Saturday, 11 April 2009

Songs of One's Own


In the latest issue of the Finland-Swedish literary magazine Ny Tid, the poet Catharina Gripenberg talks to Katarina Gäddnäs about herself and her work. Here are one or two excerpts from the interview, in my impromptu translation:

Now Catharina lives in Amager, a district in south Copenhagen, near Kastrup.

“It’s not chic or trendy, and that feels good. Ordinary people live there, workers and all kinds of nationalities, people go around in shell-suits. And there are lots of bodybuilders with boxer dogs,” she says, puffing out her cheeks and mimicking a beefy style of walking. "There’s also a long windy beach you can stroll along. I like the thought that I live near an airport. Airports are a sort of no man's land where I feel as though I belong, they have departure gates that show the names of cities where you could also live. Your identity is more open at an airport, you don't need to have a home there, you’re on the way somewhere, you have a destination.

“Living between countries, on the borders, being in between or on the margins, can also be rewarding. A rootlessness that roots me deeper and deeper in writing.”

She also plans to look for part-time work, apart from writing.

“It could be anything, and preferably something that's not writing and literature. I think this is something I was brought up with at home, or perhaps it’s an Ostrobothnian trait, not being able to just sit there and think you’re a writer or some kind of artist all day, but feeling that you probably also ought to have a "real" job."

In her most recent poetry collections there is a swarm of different voices and pitches. The voice is important when she writes. She has always been fascinated by how people express themselves. How people present themselves through language, how one speaks to others.

“One starts to exist when one begins to talk, or write, it’s as though one were blowing life into oneself. Like in Beckett plays, where they talk and talk in order to come to the realization that they don’t know what to do, with life that’s silent and transitory. When I write, it’s often a voice speaking out, someone clearing their throat and starting to express themselves in an elegant, urbane sort of way, but the words come out of the corner of their mouth, trickling and oozing."

Catharina Gripenberg's latest collection Ta min hand, det vore underligt (Take my hand, it would be strange, 2007) has received several prizes and awards. The criticism was mixed, in particular one or two Swedish reviewers who said she had massacred Edith Södergran in some sort of act of matricide. I myself read the book as a dialogue with Södergran's work, a conversation with serious undertones.

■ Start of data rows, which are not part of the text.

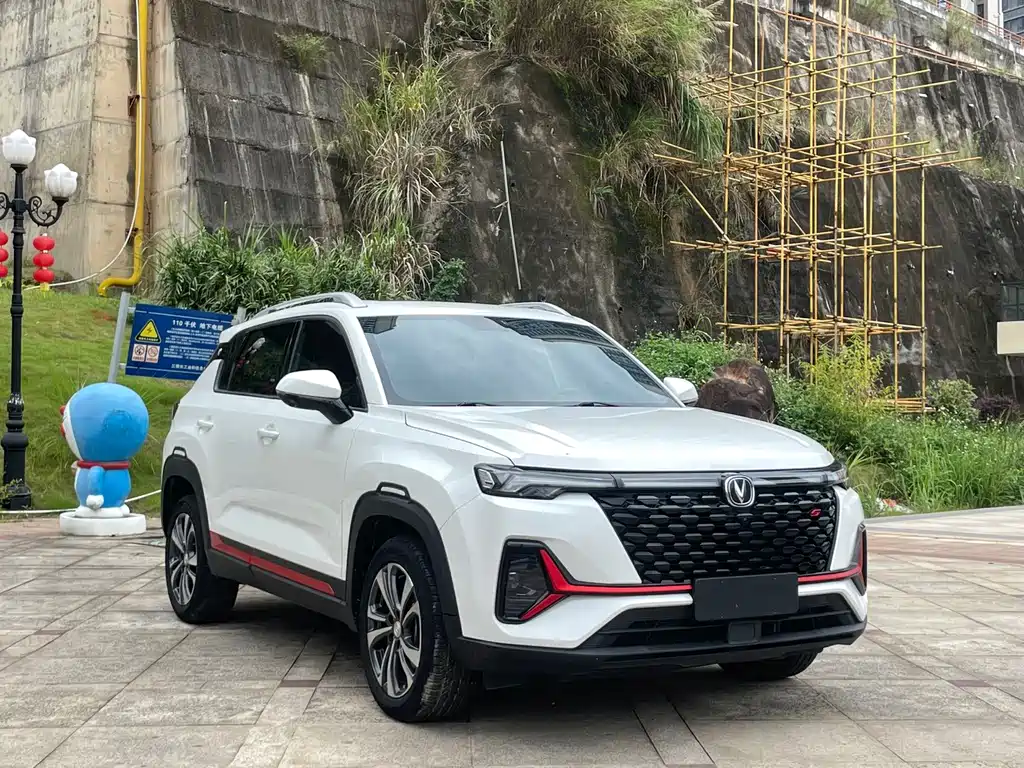 Changan CS35PLUS 2022 — фото 2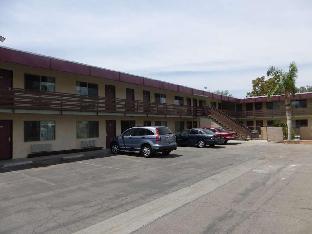 Red Roof Inn Bakersfield hotel detail image 1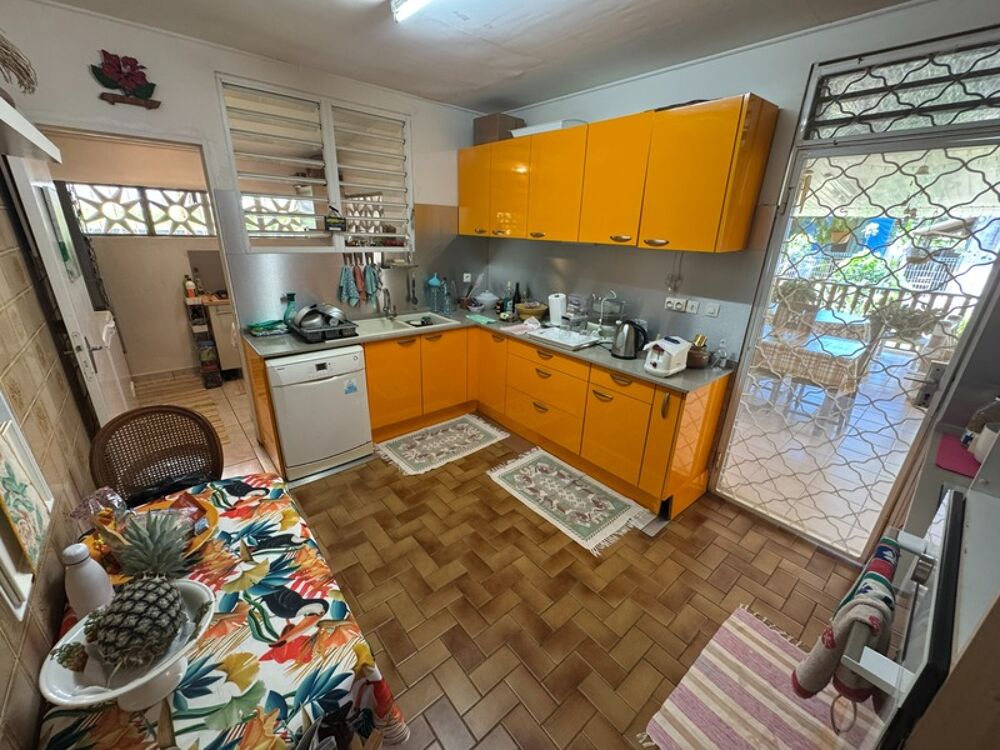 ? MAISON T4 COUP DE COEUR AU LOTISSEMENT DES JASMINS A CAYENNE?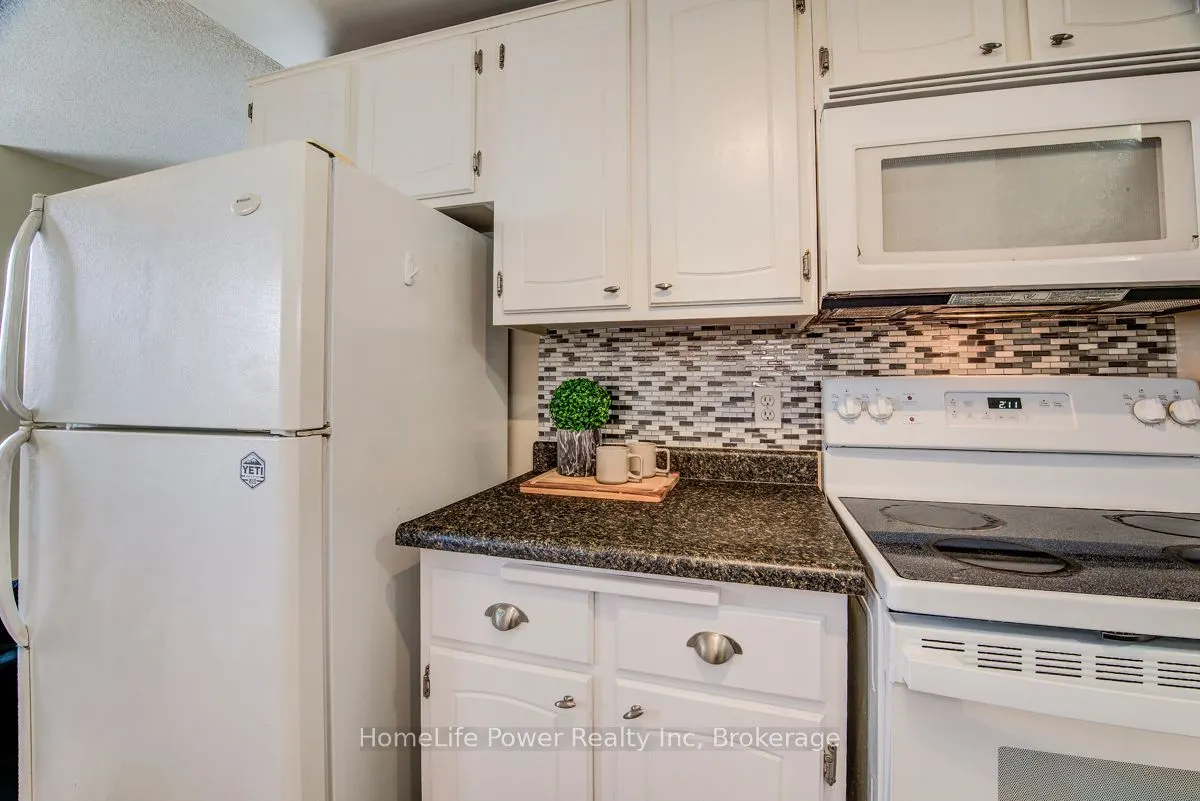 4 Avalon Place #303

"I'd never even imagined that anyone would read the book that way. Why would one write a book with the aim of massacring Edith Södergran, that just sounds sad ... To me my Edith poems are a conversation with her poetry, with the writing of poetry; how should one write nowadays? What is a poem? For me it was about turning to a master or myth from literary history who possessed a key to the poetic landscape, and about walking among her lines and poems as if through rooms, and touching objects and words and feelings. For me it's as if the poetic persona or the people in my Edith poems have read Södergran's poems, and are trying to remember them, as if they were trying to remember how to speak, how to write poetry, how to explain and describe. They're trying to build a life of their own, and they're using the poems of a master in order to do that, and then they climb out of those poems, and begin a kind of pilgrimage towards a poetry of their own and a country of their own, because they have to find their own songs."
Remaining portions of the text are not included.